"""

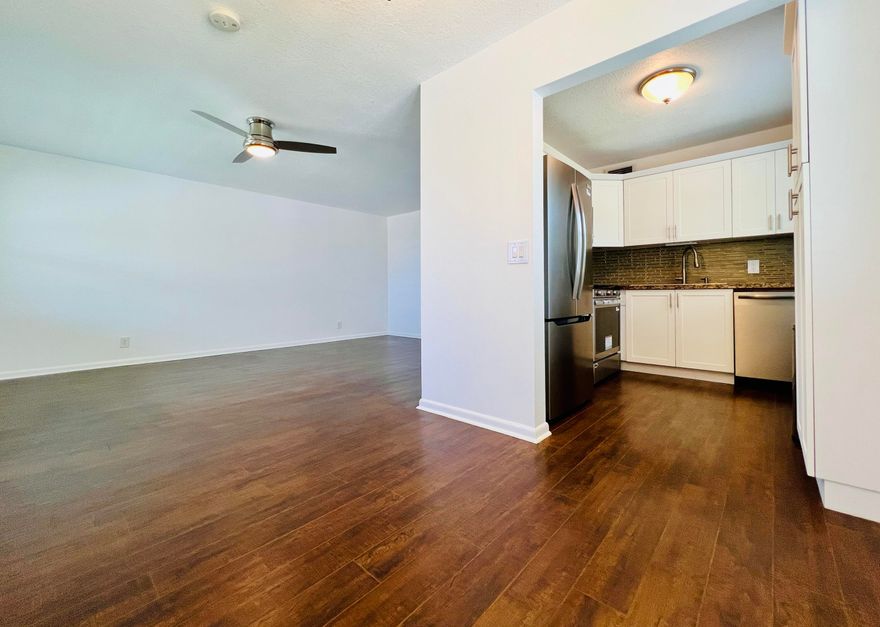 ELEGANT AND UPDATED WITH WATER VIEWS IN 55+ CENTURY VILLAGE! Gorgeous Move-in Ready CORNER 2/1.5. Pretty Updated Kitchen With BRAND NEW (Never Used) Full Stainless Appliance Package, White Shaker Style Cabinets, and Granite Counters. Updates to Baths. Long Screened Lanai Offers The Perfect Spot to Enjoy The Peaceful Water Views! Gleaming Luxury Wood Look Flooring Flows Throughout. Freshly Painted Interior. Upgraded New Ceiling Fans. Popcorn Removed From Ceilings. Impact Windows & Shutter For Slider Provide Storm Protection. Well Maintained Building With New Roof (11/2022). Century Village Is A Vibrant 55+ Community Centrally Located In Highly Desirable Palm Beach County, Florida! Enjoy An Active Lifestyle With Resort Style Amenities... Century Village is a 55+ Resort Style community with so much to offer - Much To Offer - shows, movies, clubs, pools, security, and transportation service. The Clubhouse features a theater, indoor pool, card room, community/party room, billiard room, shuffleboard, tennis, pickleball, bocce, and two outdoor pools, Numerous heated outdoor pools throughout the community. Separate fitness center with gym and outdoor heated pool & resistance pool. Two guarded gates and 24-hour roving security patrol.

"""
"""

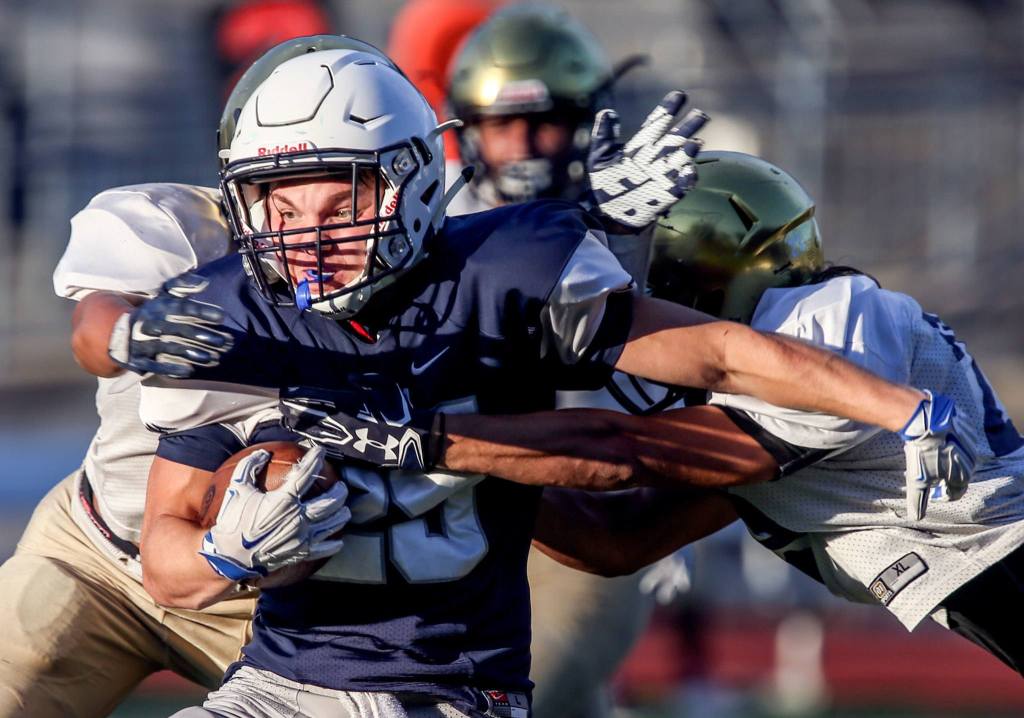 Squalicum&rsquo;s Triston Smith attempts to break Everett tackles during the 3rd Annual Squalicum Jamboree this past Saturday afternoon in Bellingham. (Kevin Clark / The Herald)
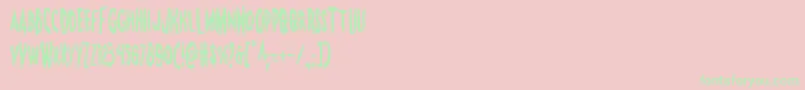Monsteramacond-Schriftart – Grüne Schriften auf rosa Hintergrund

"""

#### What to work on
Within the material above, find the part that opens with the line containing "Squalicum&rsquo;s Triston Smith" and closes with the line containing "Monsteramacond-Schriftart – Grüne", and reproduce it exactly without the pictures.

#### Solved problem
 Squalicum&rsquo;s Triston Smith attempts to break Everett tackles during the 3rd Annual Squalicum Jamboree this past Saturday afternoon in Bellingham. (Kevin Clark / The Herald)
Monsteramacond-Schriftart – Grüne Schriften auf rosa Hintergrund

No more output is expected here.